> _What is needed_
Apart from any images, the entries are to be output exactly.

##### Records supplied #####

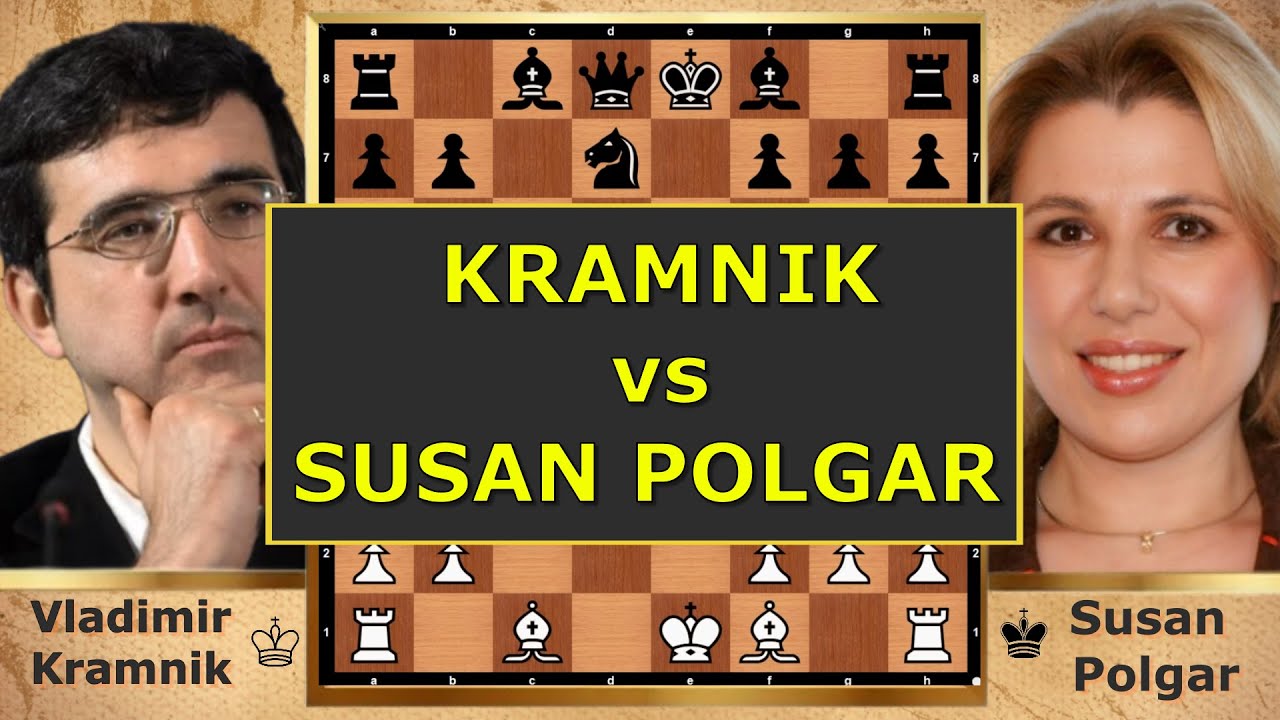VLADIMIR KRAMNIK vs SUSAN POLGAR – Rapid Fire in the Queen’s Pawn Game ⚡#kramnik #susanpolgar #chess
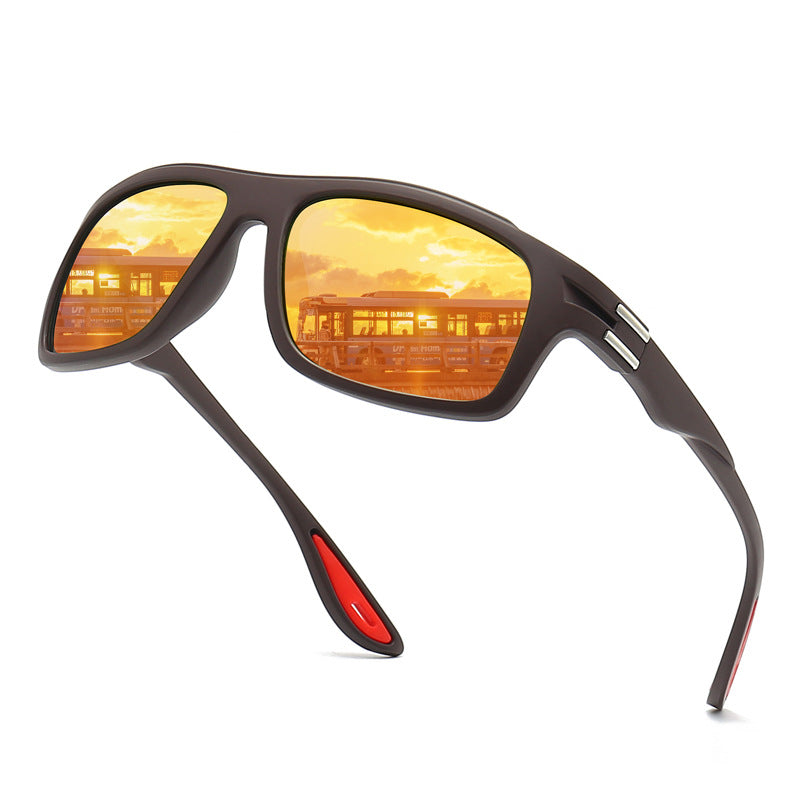 Men's sporty sunglasses with polarized lenses and shock-resistant frame Kalsten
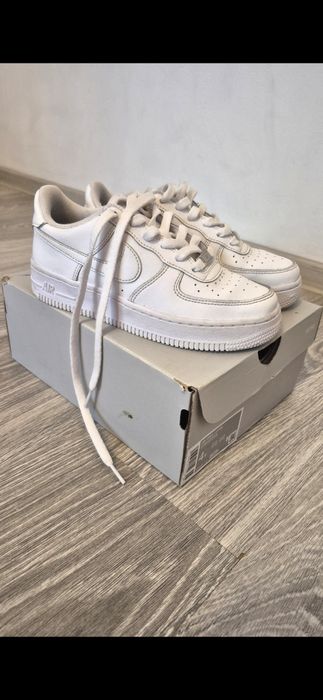 Adidasi Nike Air Force 1 copii 36 albi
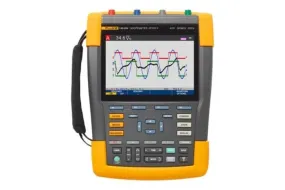 Fluke 190-204-III-S ScopeMeter III Series, 200MHz Portable Oscilloscope, 4 Analogue Channels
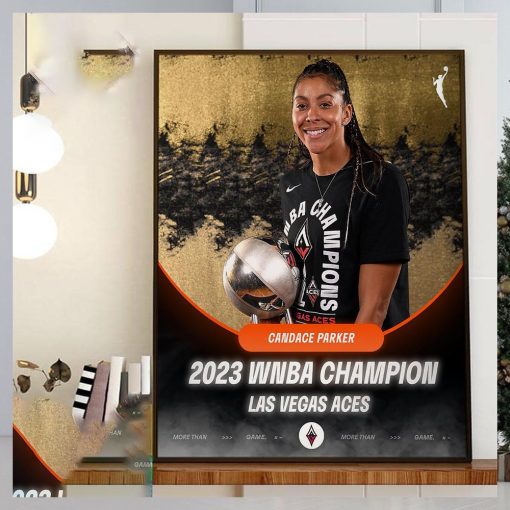 Candace Parker x Las Vegas Aces 2023 WNBA Champion Home Decor Poster Canvas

#####

> _Response area_
VLADIMIR KRAMNIK vs SUSAN POLGAR – Rapid Fire in the Queen’s Pawn Game ⚡#kramnik #susanpolgar #chess
 Men's sporty sunglasses with polarized lenses and shock-resistant frame Kalsten
 Adidasi Nike Air Force 1 copii 36 albi
 Fluke 190-204-III-S ScopeMeter III Series, 200MHz Portable Oscilloscope, 4 Analogue Channels
 Candace Parker x Las Vegas Aces 2023 WNBA Champion Home Decor Poster Canvas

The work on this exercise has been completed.